Exercise requirements:
Although the records include pictures, the copy should not; write out exactly the lines from the first through the line with "Image No.3-9 Bed Villa for sale".

BEGIN Given data

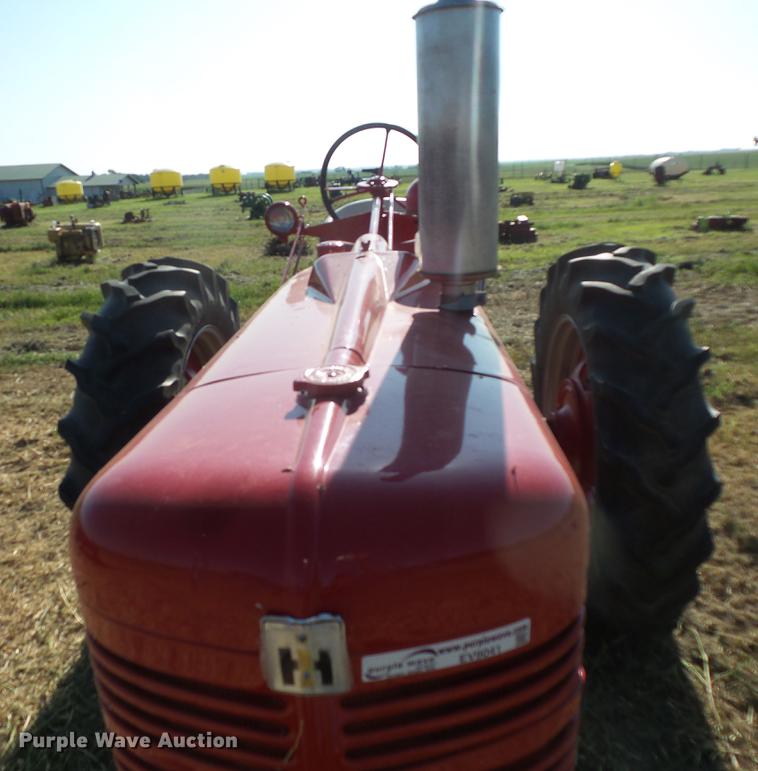 image for item EV9041 Farmall Super M tractor
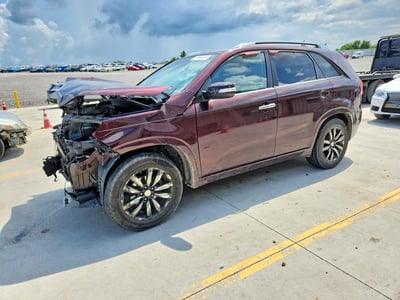 5XYKW4A26DG****** 2013 Kia Sorento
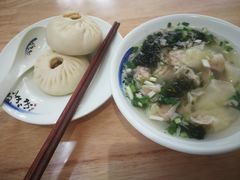 -许鲜包子铺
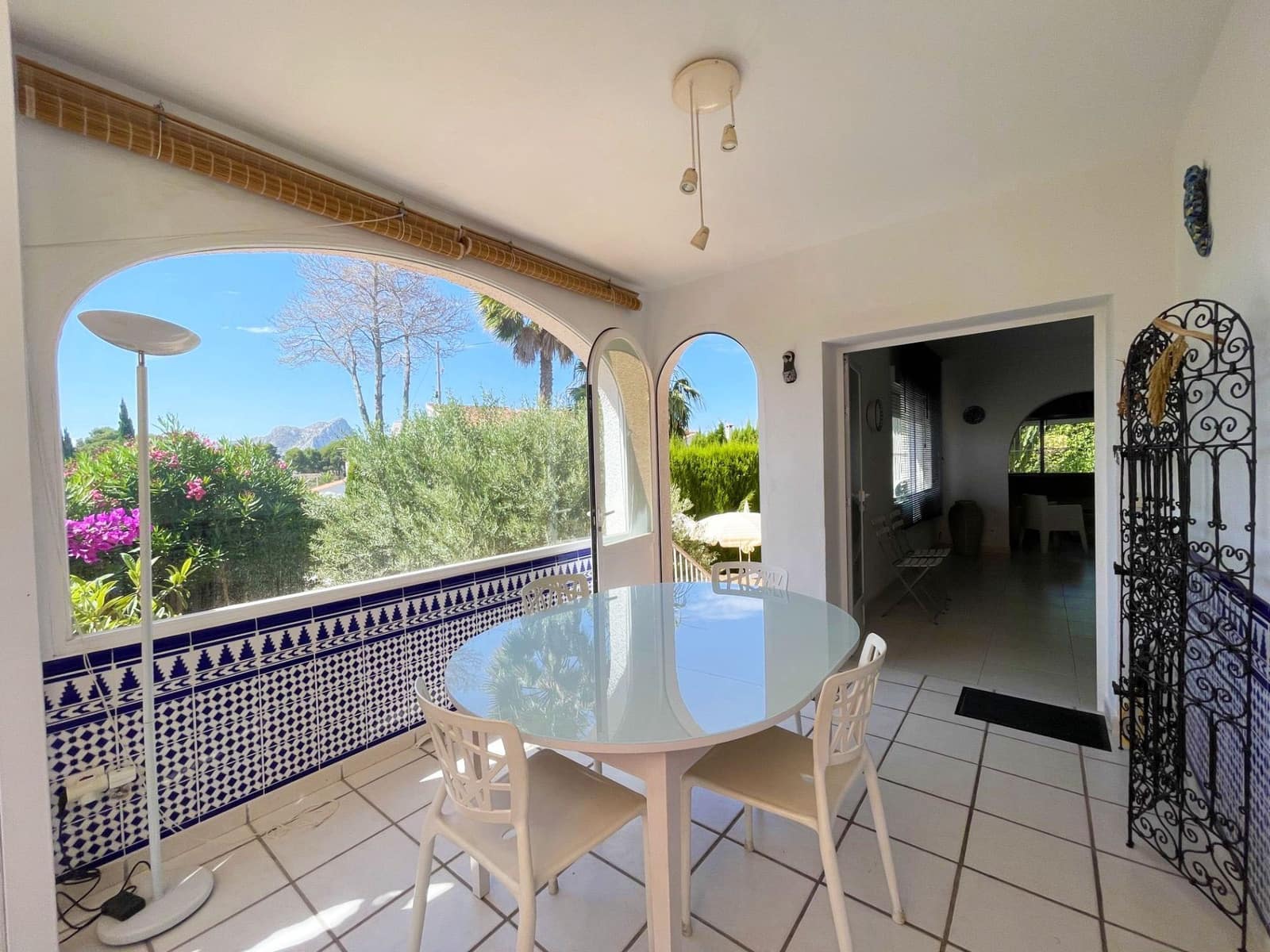 4 chambre Villa/Maison à vendre à Calpe / Calp avec piscine garage - 495 000 € (Ref: 9910021)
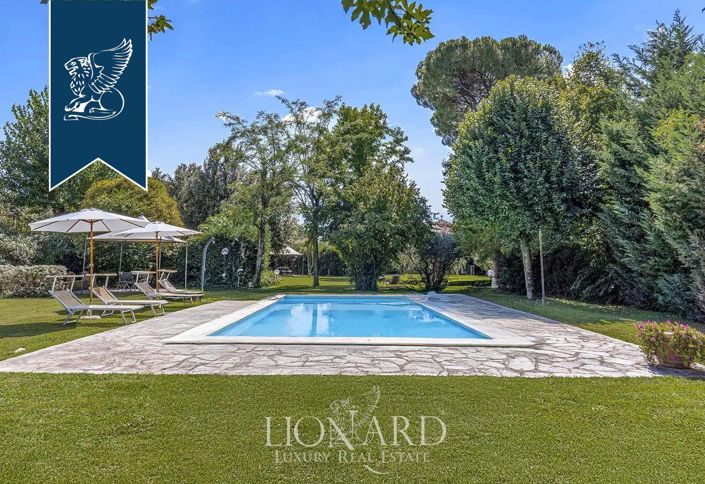 Image No.3-9 Bed Villa for sale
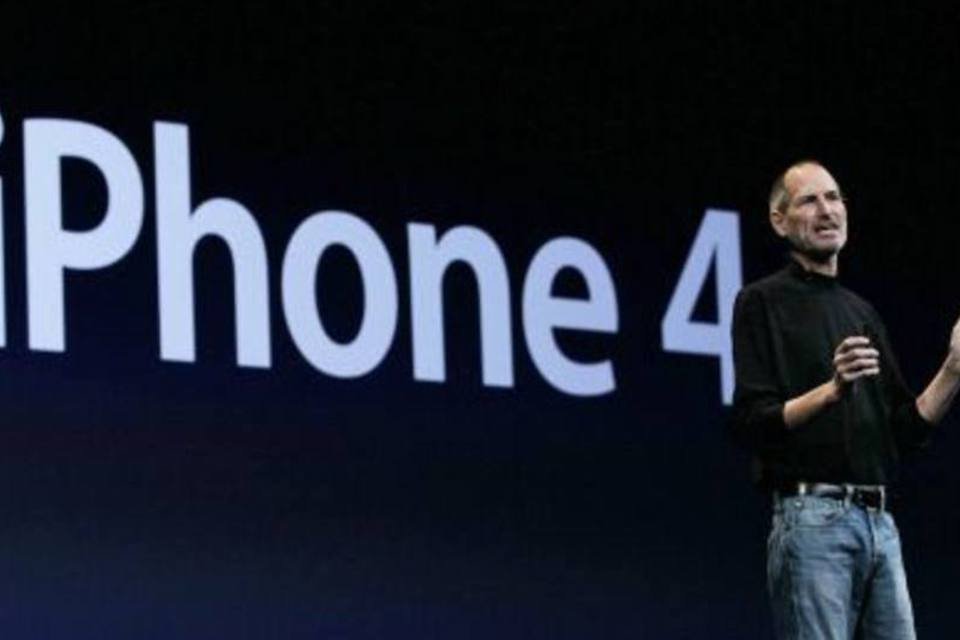 Apple sabia de falha em iPhone 4, diz WSJ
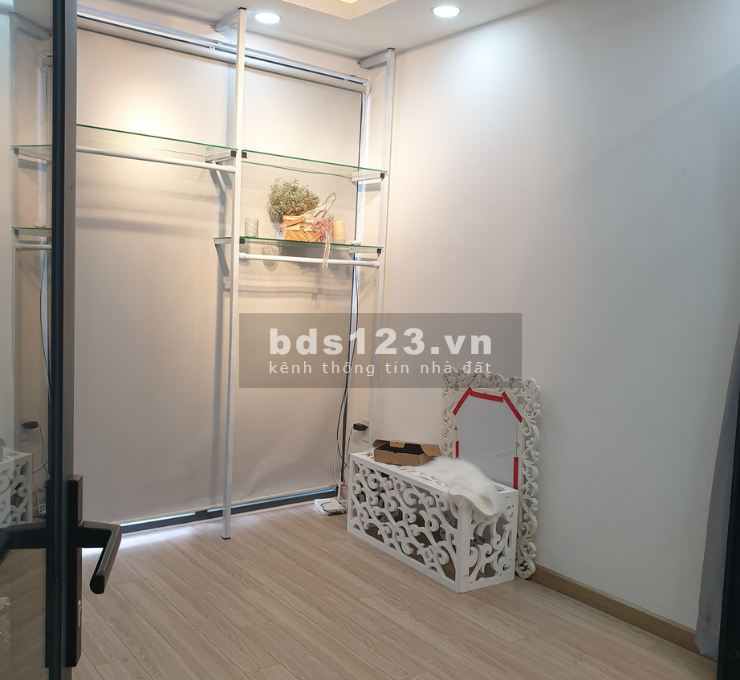 Bán shop mặt tiền Vạn Kiếp, phường 3, Bình Thạnh diện tích sử dụng 36m2 giá 3.1 tỷ TL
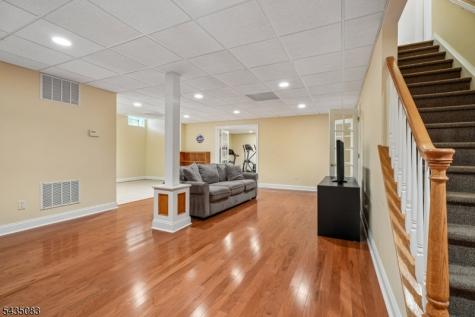 63 Emily Road Bernards NJ 07931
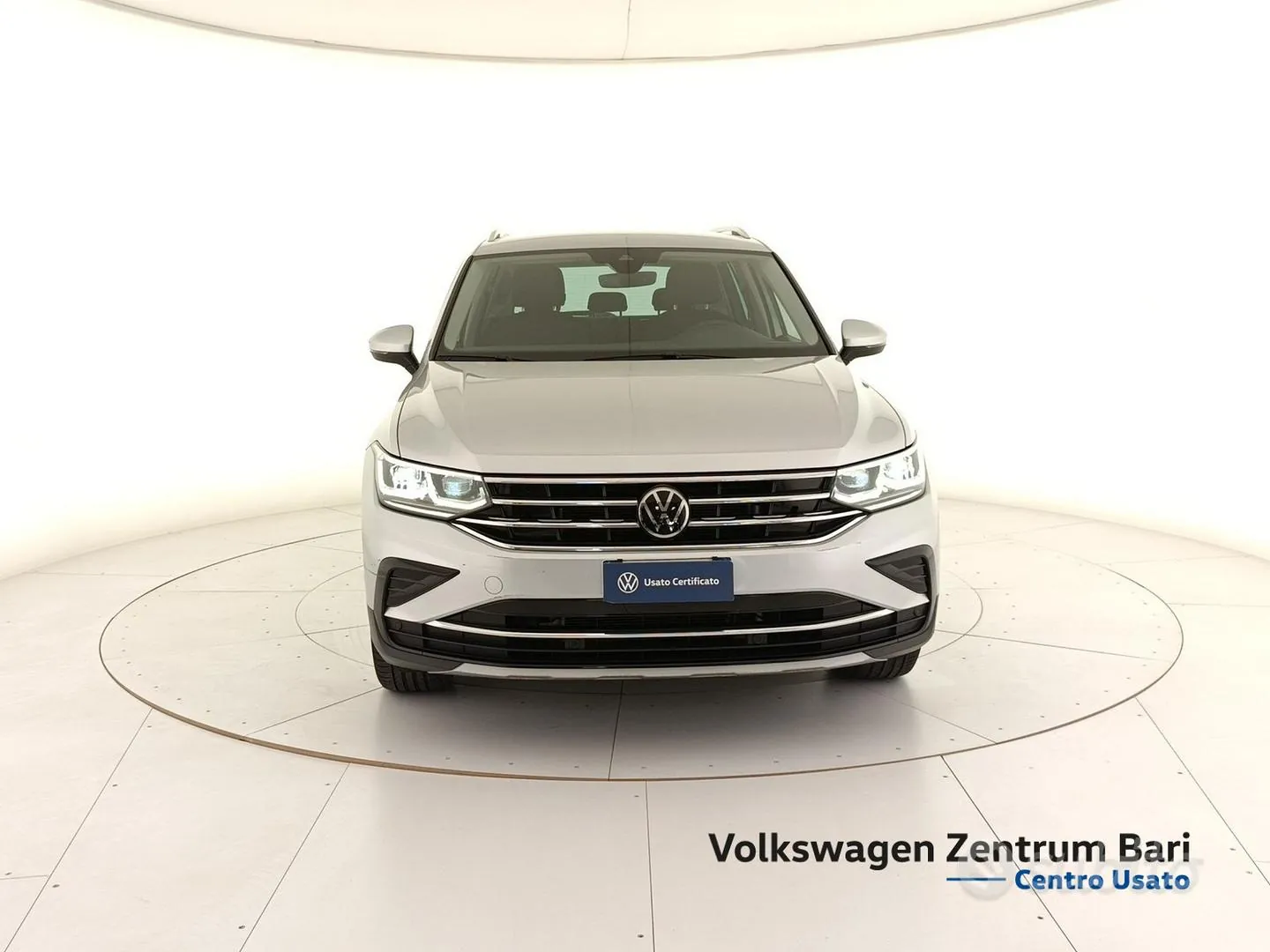 Volkswagen Tiguan 2022 photo 3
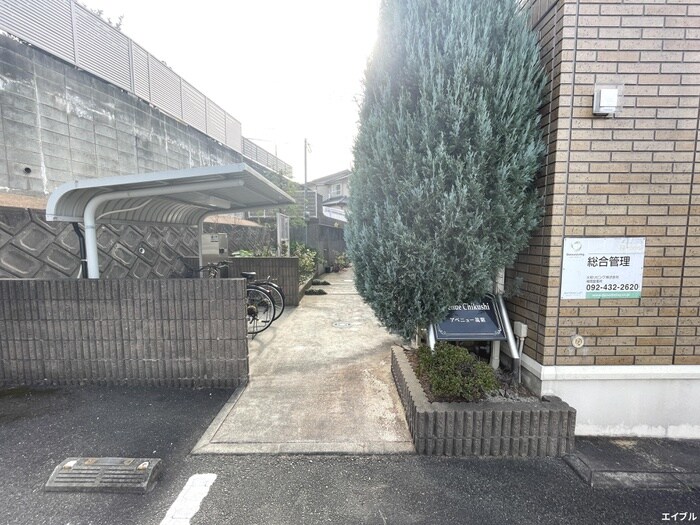 物件外観写真2　(エントランス部分)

END Given data

Response below:
 image for item EV9041 Farmall Super M tractor
 5XYKW4A26DG****** 2013 Kia Sorento
 -许鲜包子铺
 4 chambre Villa/Maison à vendre à Calpe / Calp avec piscine garage - 495 000 € (Ref: 9910021)
 Image No.3-9 Bed Villa for sale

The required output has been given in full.